Thursday, September 07, 2006

Example of Path Completion Problem

The path completion problem involves cases where the decision tree does not provide enough looks to find a complete path to the goal. Under these circumstances, I find the *optimal* path using the true arc costs of the known arcs, and the worst-case cost of the unknown arcs.


Example
In this example, I show that the path completion problem is present even in the zero-computation cost case. For a particular arc cost instantiation =
[1 1 0 1 1 1 1 0 1 1 0 0 1 0 0 0 ], where 0 means an arc cost of 0 and 1 means a cost of 2, we see that the decision tree recommends looking at arcs 2,1,8,3. The mean predicted cost of th optimal path given the known arc costs is supposed to be 2 with std = 0. The optimal path completion arcs should be 14 and 16.
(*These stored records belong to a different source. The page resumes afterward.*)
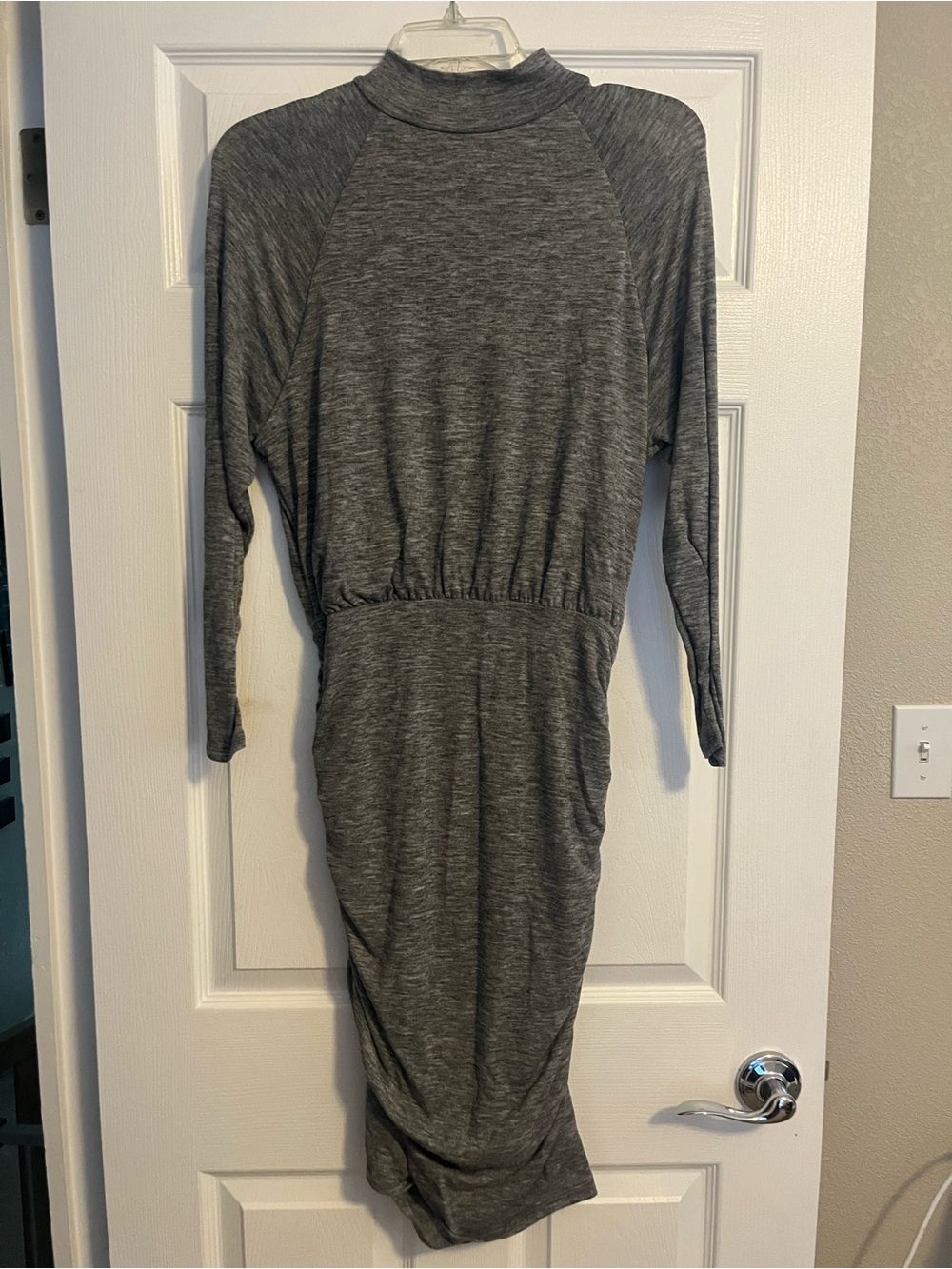 Express Charcoal Gray Mock Neck Midi Dress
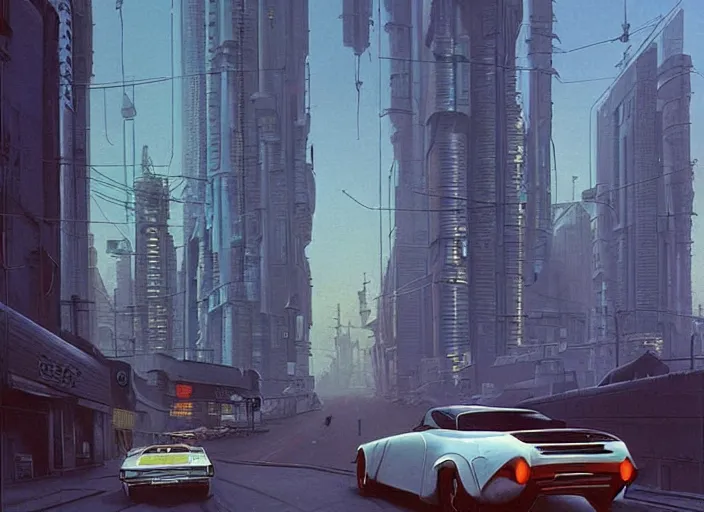 Prompt: a car driving down a street next to tall buildings the night at 1 pm, cyberpunk art by Chesley Bonestell, cgsociety, retrofuturism, matte painting, reimagined by industrial light and magic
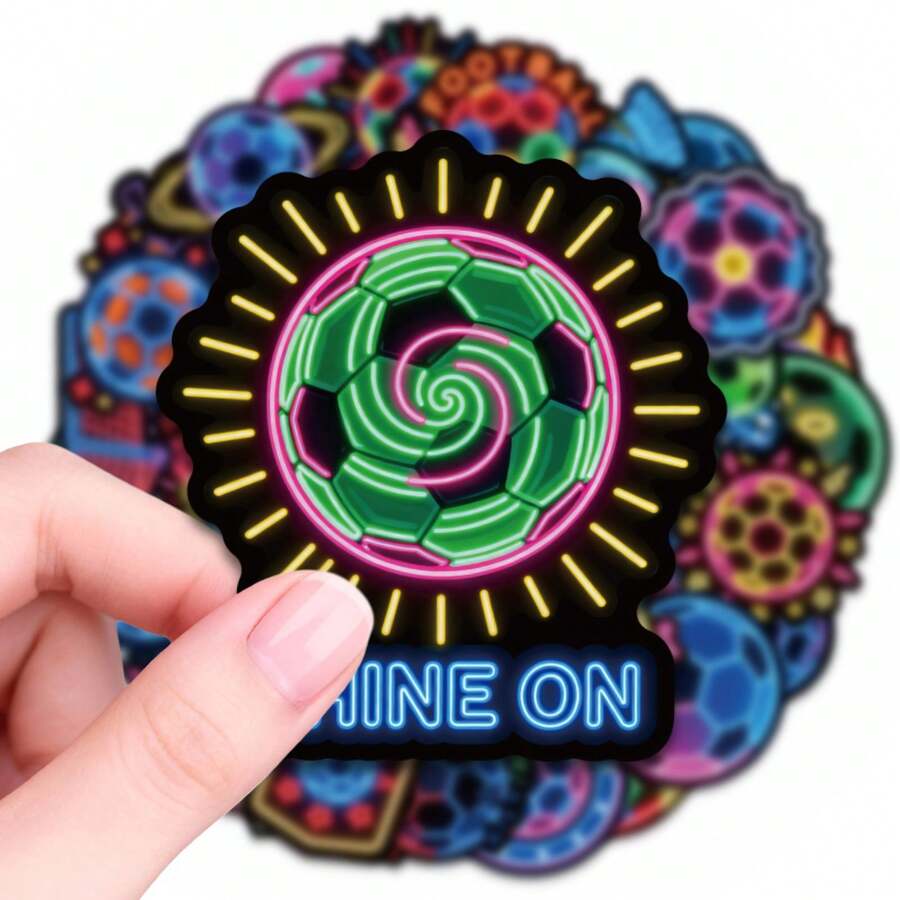 56PCS Neon Style Soccer Stickers, Vinyl Waterproof Decals For Water Bottles Laptop Phone Case Luggage Skateboard Scrapbook, Sports Theme Stickers For Teens Adults Soccer Fans Scrapbook Supplies Scrapbooking - 1 Set - View 1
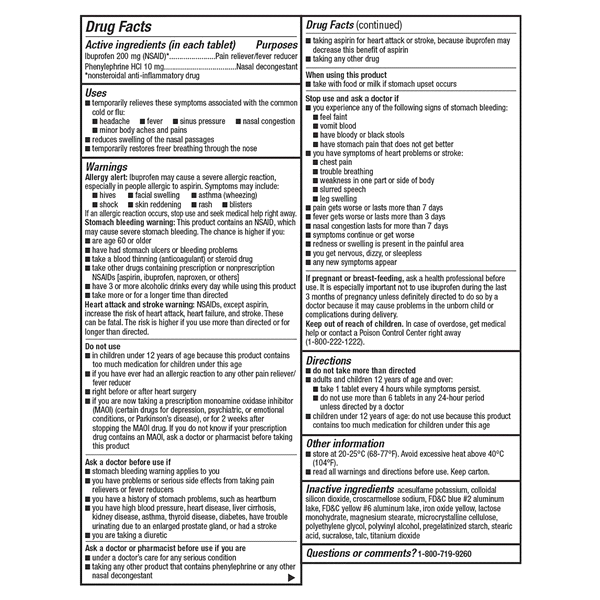 slide 16 of 25, Meijer Ibuprofen PE, Sinus Congestion and Pain Relief, 20 ct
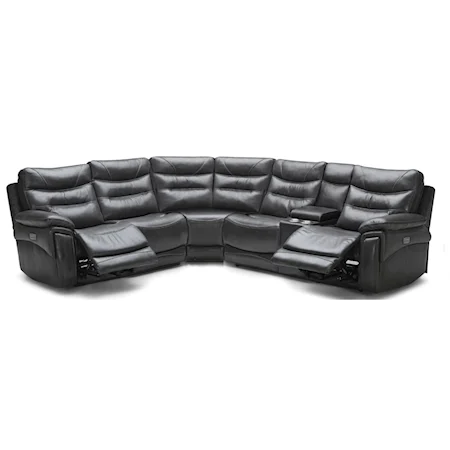 Casual Power Reclining Four Seat Sectional with Three Power Headrests and USB Charging Ports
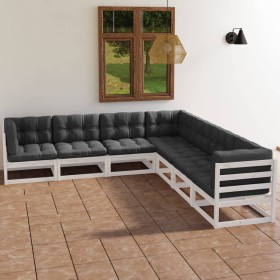 7-teiliges Gartenmöbel-Set und Kissen aus massivem Zirbenholz von vidaXL, Gartensets - Ref: Foro24-3076555, Preis: 555,64 €, ...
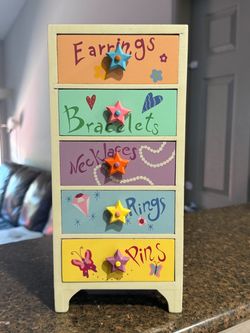 Kids Wooden Jewelry Organizer with 5 Drawers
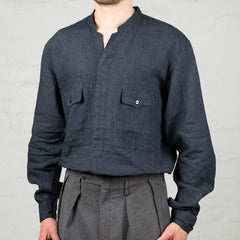 Mikhail Shirt Superfine Linen Broadcloth Asphalt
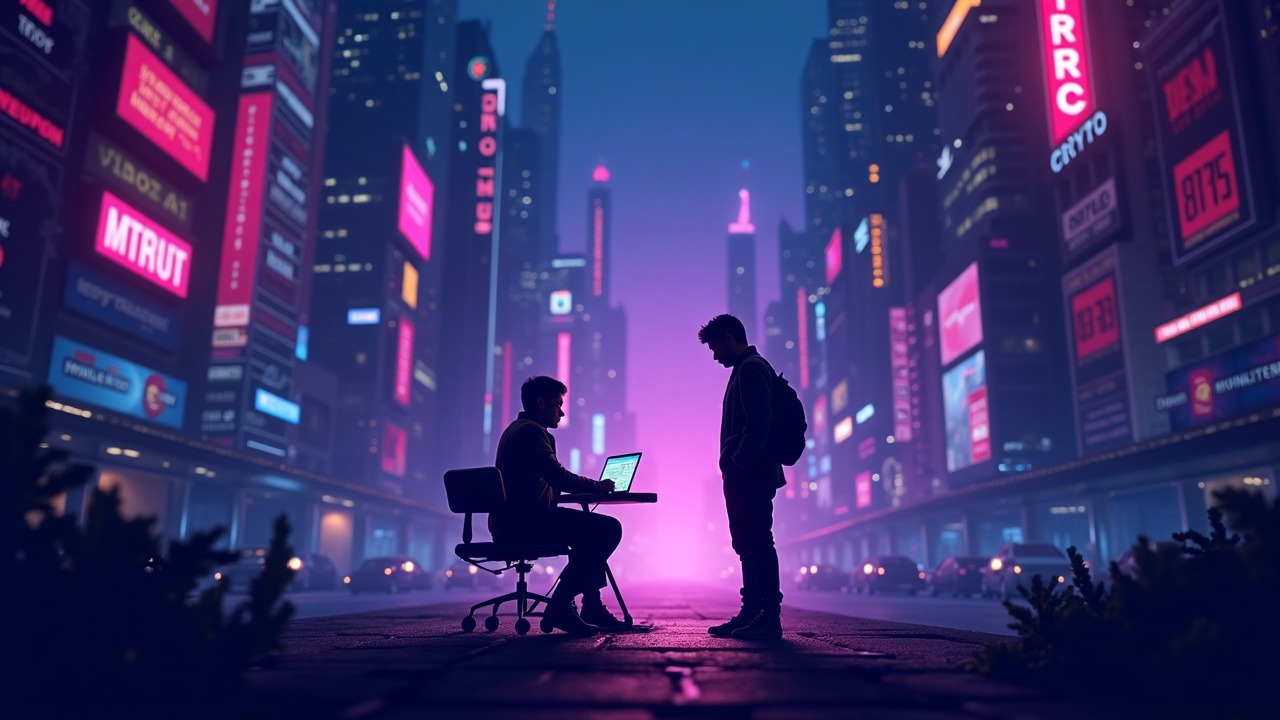 Neon-lit scene: teen fintech app, influencer silhouette facing a regulator, with crypto motifs and a futuristic city backdrop.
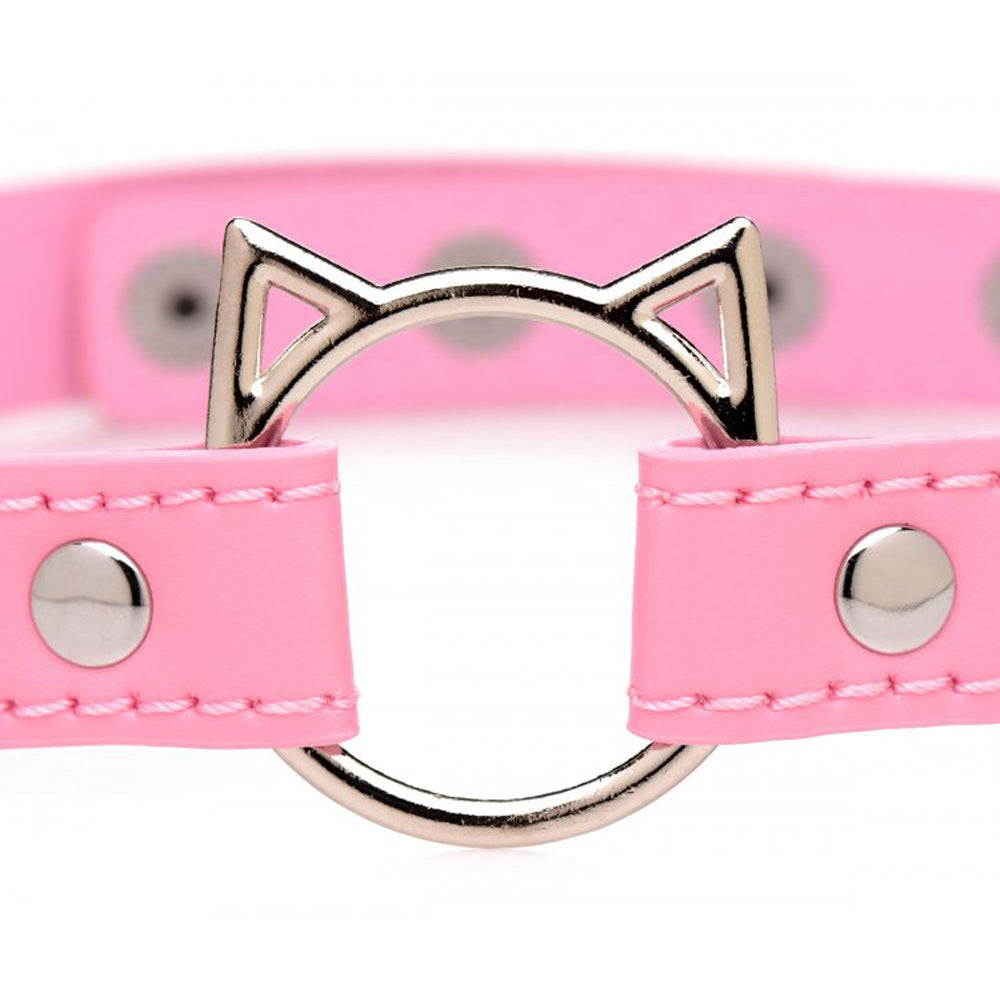 Pink PU leather choker with a silver cat ear ring and silver studs.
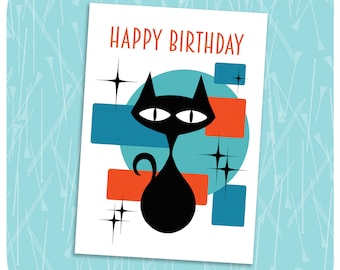 Retro Cat Birthday Card - Black Cat Greetings Card - Mid Century Cat Happy Birthday Card - Atomic Cat Blank Card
However, when executing the policy, the path completion algorithm selected arcs 13 and 15 to complete the path. Since neither arcs 13,14,15, nor 16 were known, they were assumed to take their worst-case values. This made the cost of executing 13-15 equivalent to 14-16, when in actuality the latter has lower cost.


Fix
In order to distinguish between good and bad completion paths, I tried assuming expected arc costs for the unknown arcs rather than their worst case costs. This improved the solution cost drastically.

I originally used worst-case costs as estimates of arc costs because I was doing state aggregation using quality levels. The quality estimate would only monotonically increase when using worst-case arc costs. Here I am not performing state aggregation.